------ Provided information

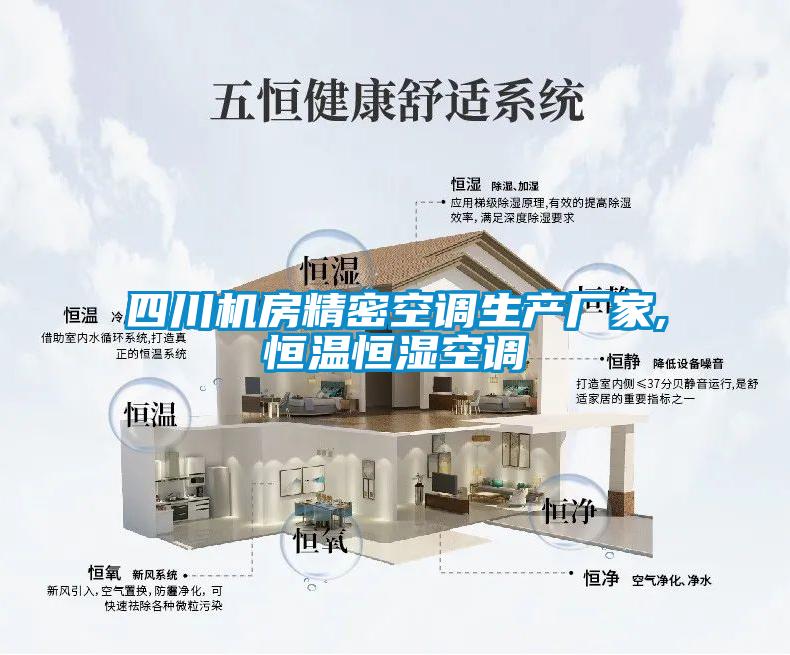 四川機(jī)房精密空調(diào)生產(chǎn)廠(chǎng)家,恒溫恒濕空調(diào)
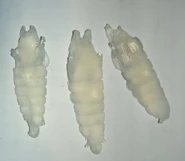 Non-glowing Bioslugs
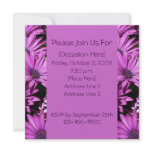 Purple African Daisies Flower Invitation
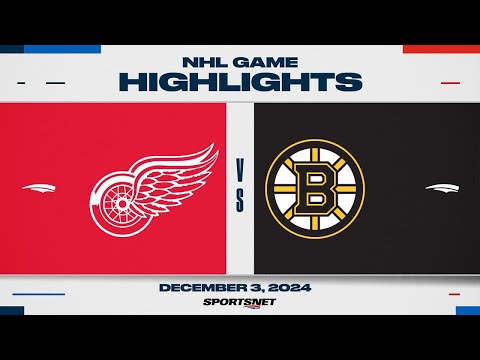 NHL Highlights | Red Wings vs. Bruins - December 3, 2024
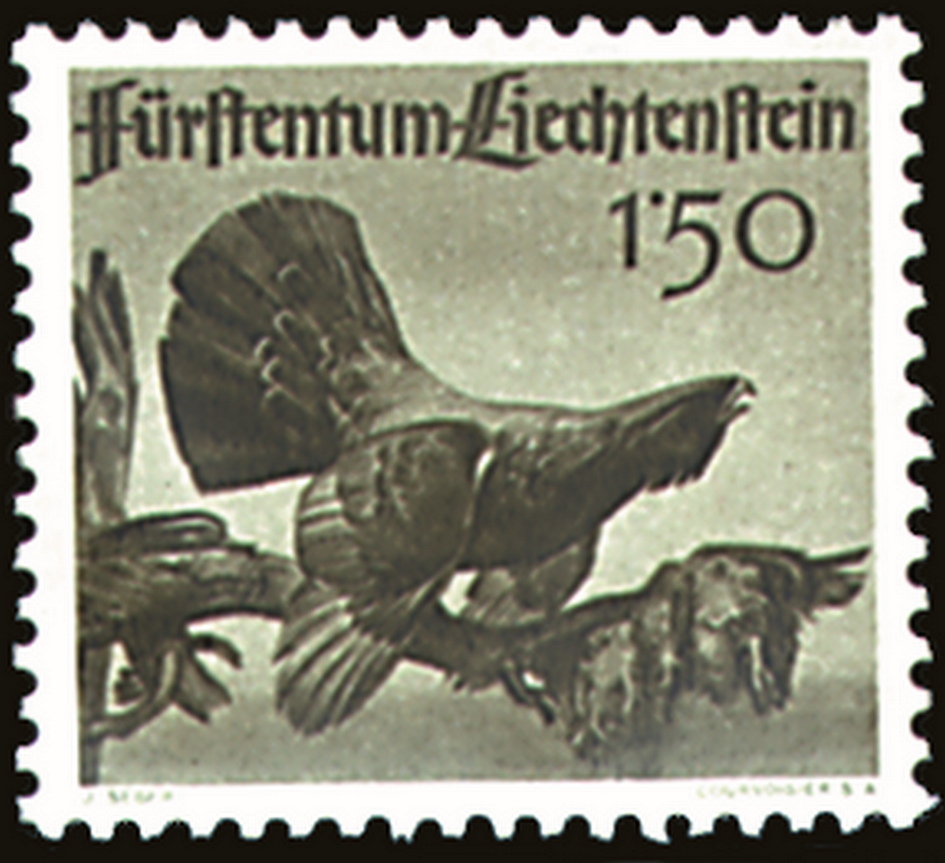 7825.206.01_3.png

------------
------ Provided information

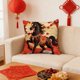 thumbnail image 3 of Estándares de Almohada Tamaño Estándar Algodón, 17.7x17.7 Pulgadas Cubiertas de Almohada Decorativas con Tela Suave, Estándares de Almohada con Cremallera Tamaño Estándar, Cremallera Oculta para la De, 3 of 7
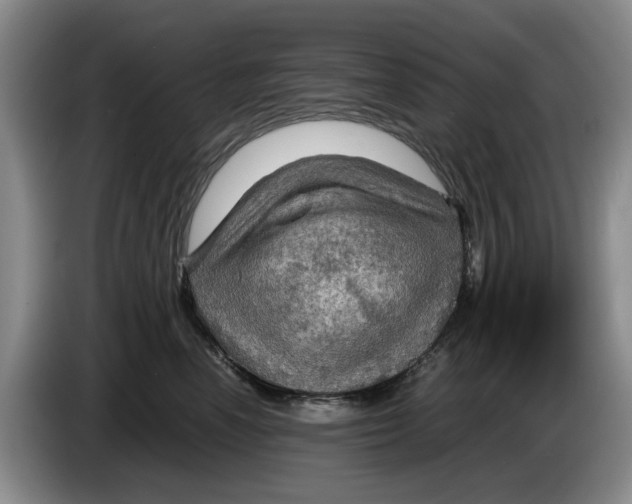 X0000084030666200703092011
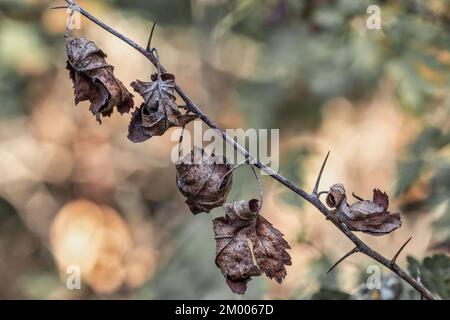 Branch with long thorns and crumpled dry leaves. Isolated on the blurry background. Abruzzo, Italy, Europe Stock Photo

------------
------ Provided information

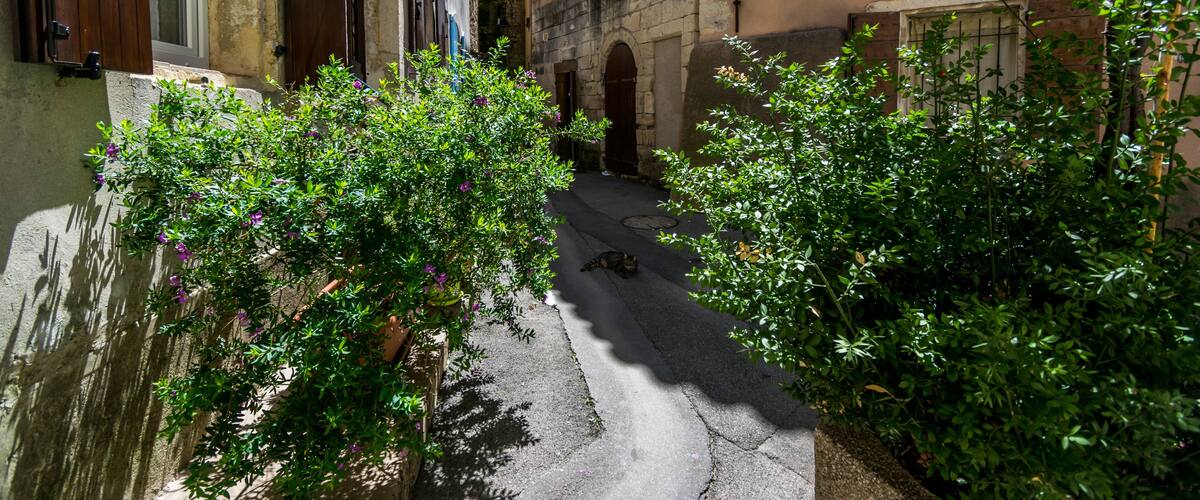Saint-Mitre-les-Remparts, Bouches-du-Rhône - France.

------------

## What to work on
Copy only this from above: the line containing "Non-glowing Bioslugs", the line containing "7825.206.01_3.png", and all lines between, printed exactly. Leave out the pictures.

## Answer to the exercise
 Non-glowing Bioslugs
 Purple African Daisies Flower Invitation
 NHL Highlights | Red Wings vs. Bruins - December 3, 2024
 7825.206.01_3.png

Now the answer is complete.